Japanese mathematician Masaki Kashiwara, who received the prestigious Abel Prize this year, has said his love for “beautiful” math sustained him through his more than half-century-long research career.

Becoming the first Japanese recipient of the award, considered the Nobel Prize for mathematics, the 78-year-old professor emeritus at Kyoto University’s Research Institute for Mathematical Sciences said in a recent interview he felt the beauty of math “the moment I proved something new.”

Masaki Kashiwara, project professor at Kyoto University’s Research Institute for Mathematical Sciences, speaks in an interview on May 19, 2025, in Oslo. (Kyodo) ==Kyodo

He also said he “deeply felt” the high value Norway attaches to math education through festivities related to the award, bestowed by the Norwegian Academy of Science and Letters, while questioning his own country’s approach to math education.

In announcing the Abel Prize recipient in March, the academy said it recognized Kashiwara “for his fundamental contributions to algebraic analysis and representation theory,” among other achievements, calling him “a true mathematical visionary.”

His lifelong passion has not dimmed even though his speed of research has “slowed” due to his age, Kashiwara, who now serves as project professor at the Kyoto University institute, said.

With the development of the internet drastically changing methods of research, the professor recalled his past days when “it was difficult to find out even what was going on overseas” and said now he is tackling challenging problems by exchanging views online with three mathematicians in South Korea.
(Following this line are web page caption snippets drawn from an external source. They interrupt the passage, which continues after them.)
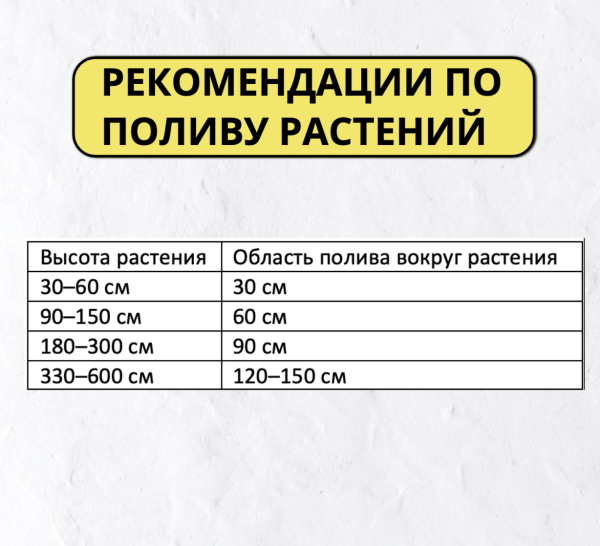 Удобрение Глобиома Биота макс для питания и защиты растений 1 таблетка Удобрение Глобиома Биота макс для питания и защиты растений 1 таблетка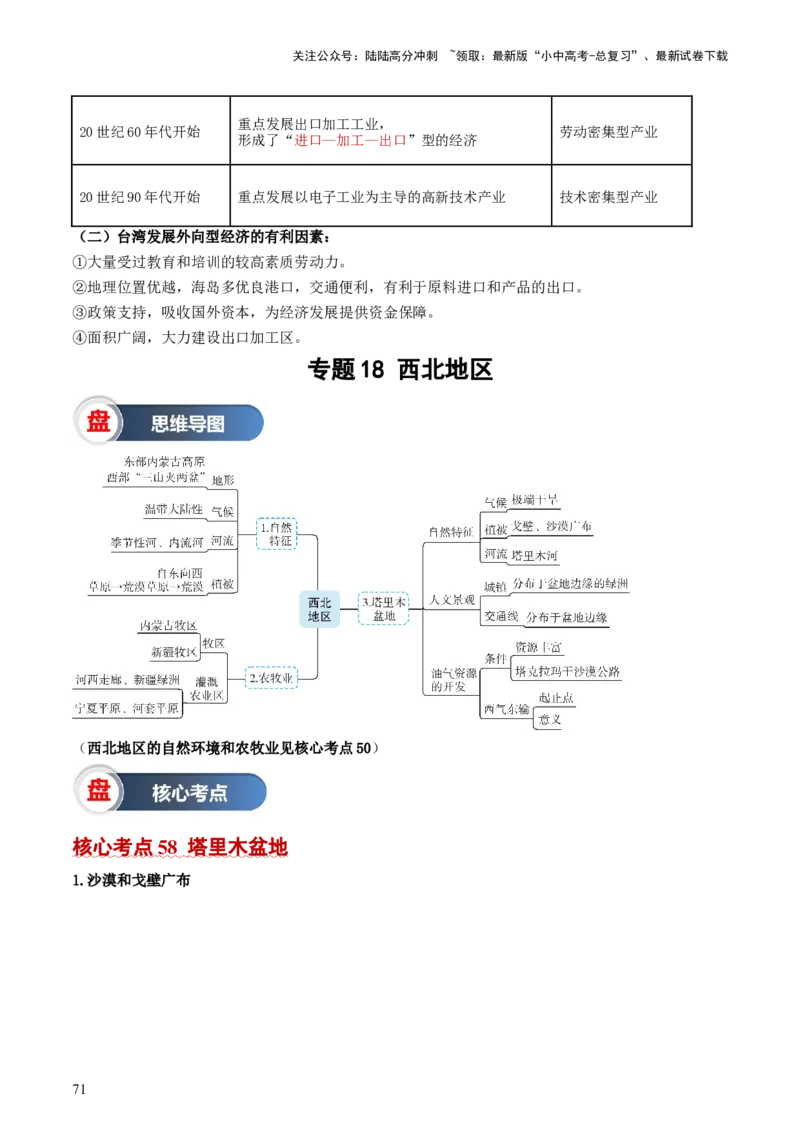 秘籍01+考前抢分法宝（20个思维导图+60个核心考点）-备战2024年中考地理抢分秘籍（全国通用）_02中考总复习（2026版更新中）_09-地理-中考总复习_2024年中考复习资料_三轮复习_考前抢分法宝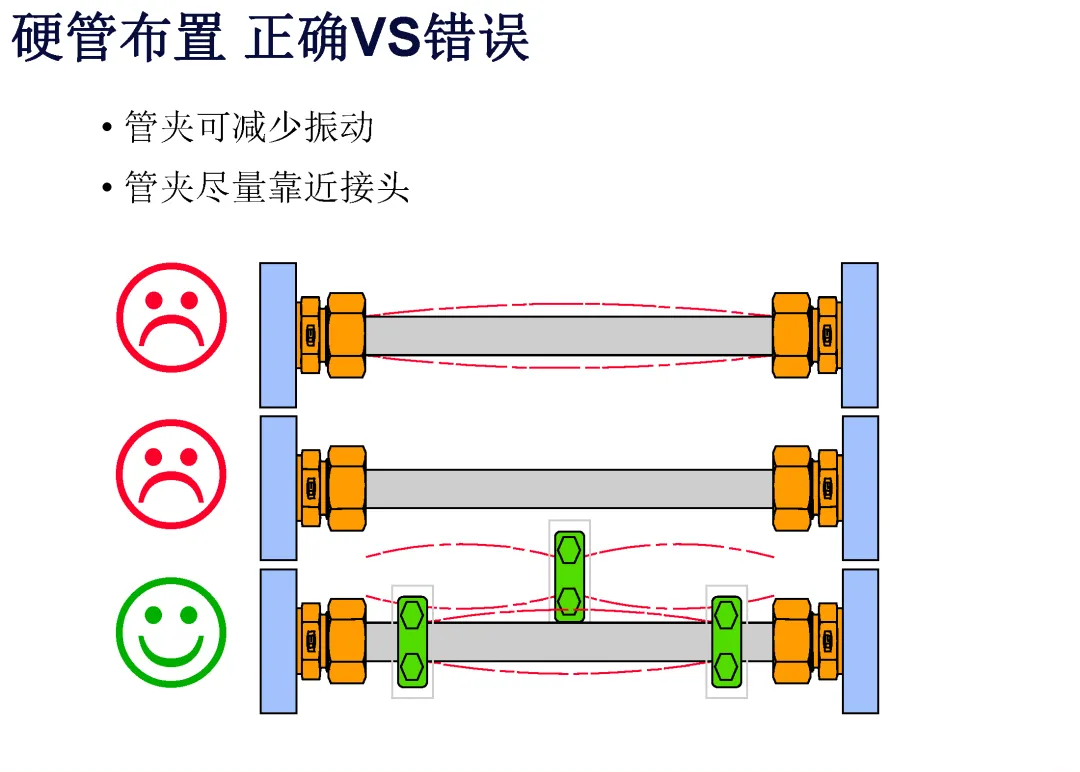 液压系统管路布置指南(图21)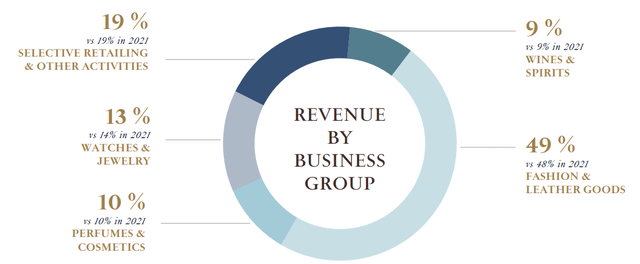 2022 Revenue Breakdown LVMH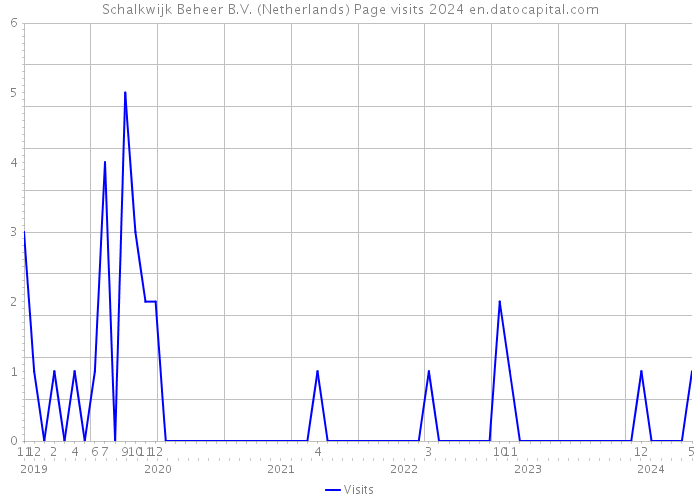 Schalkwijk Beheer B.V. (Netherlands) Page visits 2024 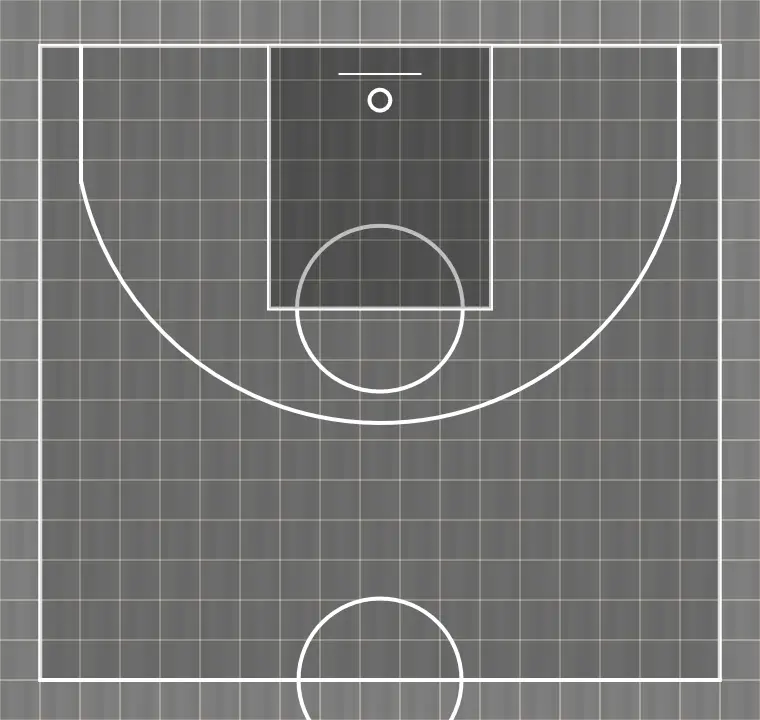 Jeux de basket-ball ato w, étape 1: 1 modifie sa position pour provoquer des déséquilibres dans la défense et créer des options de pénétration
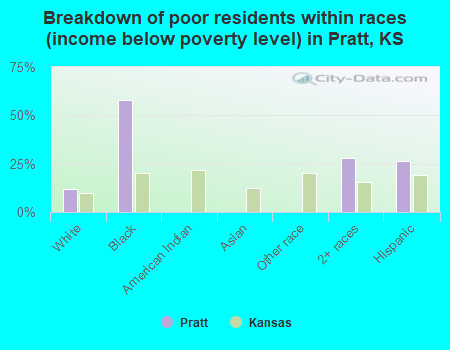 Breakdown of poor residents within races (income below poverty level) in Pratt, KS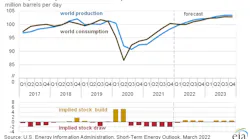 World liquid fuels production and consumption balance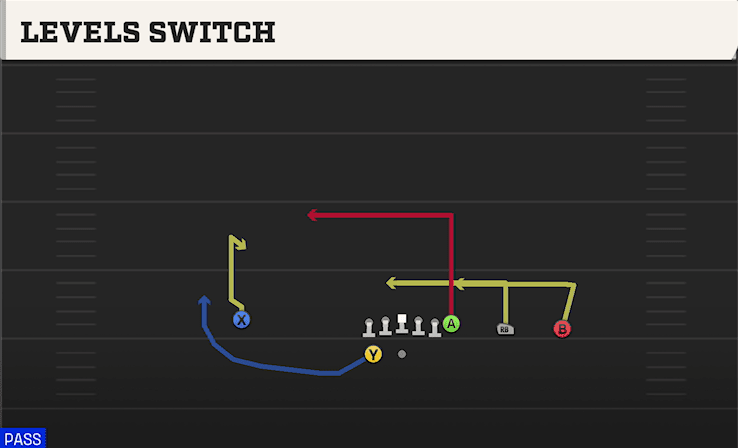 LEVELS SWITCH from Y TRIPS WK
Kashiwara said he is worried that Japan’s system of university entrance examinations and a perception that math is “a memorization subject” could create further aversion to math and reduce students’ motivation to pursue careers in the field.

He said he sees potential in China, which is proactively attracting willing specialists and where the publishing of scientific papers is increasing.

Born in Ibaraki Prefecture, northeast of Tokyo, Kashiwara earned a master’s degree from the University of Tokyo before obtaining a doctorate from Kyoto University. He has been project professor at Kyoto University’s Research Institute for Mathematical Sciences since 2010.

Under the guidance of his mentor, Mikio Sato, a professor emeritus at Kyoto University, Kashiwara developed the theory of D-modules for his master’s thesis in 1970, a framework that has become a fundamental tool in many branches of mathematics.

Kashiwara and his colleagues proved the Riemann-Hilbert correspondence, a major problem in mathematics for many years, for holonomic D-modules, around 1980.

The Abel Prize award ceremony was held in Norway on Tuesday, with Kashiwara receiving prize money of 7.5 million Norwegian krone ($733,000). It was established in 2002 in connection with the 200th anniversary of the birth of Niels Henrik Abel, a pioneering Norwegian mathematician.